Ensure your system is running System Optimization is running to defragment your disks and check for errors as well.
What Do You Really Need
Finally, maybe what you need is a Guy (or Gal) who really loves futzing around with technology that can come over and help you set all of this up. I used to be “the Guy” for a few people in terms of helping them with technology, but I think now I am mostly just “the Guy” for my family’s computers, but that is fine as well.
I use Backblaze for off site back up. It has worked well, and if you have a fast enough internet connection, it works nicely.
A couple of other things to remember:
Multiple copies – Don’t move files to an external hard drive (with it being the only copy). The external drive can fail too, taking your precious data with it. External hard drives should be a second (or third) copy of your data.
Offsite backups – A basement flood or house fire can destroy your computer, and backups. Keep a copy of the data at work / friend’s house / in the cloud. If your main computer and offsite copy are destroyed by the same event, then your backups are the last thing you need to worry about 🙂
Test your backups – The moment you need them isn’t the time to find out your backups don’t work.
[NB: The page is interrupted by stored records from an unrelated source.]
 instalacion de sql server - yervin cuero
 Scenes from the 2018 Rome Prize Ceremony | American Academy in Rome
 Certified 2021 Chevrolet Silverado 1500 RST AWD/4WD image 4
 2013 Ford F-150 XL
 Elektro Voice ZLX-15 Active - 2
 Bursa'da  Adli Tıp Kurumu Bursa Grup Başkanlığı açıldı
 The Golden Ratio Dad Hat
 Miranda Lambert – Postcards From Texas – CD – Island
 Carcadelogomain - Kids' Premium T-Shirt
Focus on the data – Everything else is replaceable (Operating system, software). Protect the important data first (pictures, irreplaceable documents, videos, license keys).
With the constant changing and upgrading of technology these days, sometimes it is really hard to keep up. Anyway, these days, I usually have backup on my data using Dropbox or sugarsync so as not to regret when files from my computers are deleted.
Over the past few years I’ve moved off of using full desktop solutions at home over to laptops with most of our critical data in the cloud. Essentially I found that most of the stuff I tried diligently to back up could be recovered or gotten back somehow. So a diligent backup setup proves to be time consuming and not needed. But thats in my situation only. I’ll just keep crossing my fingers that I don’t end up needing a full hd recovery.
If all you need to worry about is restoring your working environment (and not your user data) you should be OK if you have an OS recovery or install disk, and all the install media for your needed utilities (i.e. office, etc.,)
Great post! I’m keeping it for future reference. Over the years, I’ve tried to find this exact information in an easy to follow format and by jove! you’ve done it. Now I can relax knowing that I just have to do a new system image (I do it once a year, along with a full backup once a month with incremental backups in between). Everything else is in place. Thanks!
Well, don’t hold me responsible if something goes wrong too!! I would be diligent with your backups.
…and now I’m backing up my files on the external hard drive. Thanks for the reminder!
(I’ve had 2 laptop crashes, requiring rebuilds from scratch…..I hate that…good thing I have a boring setup with not a lot of additional programs)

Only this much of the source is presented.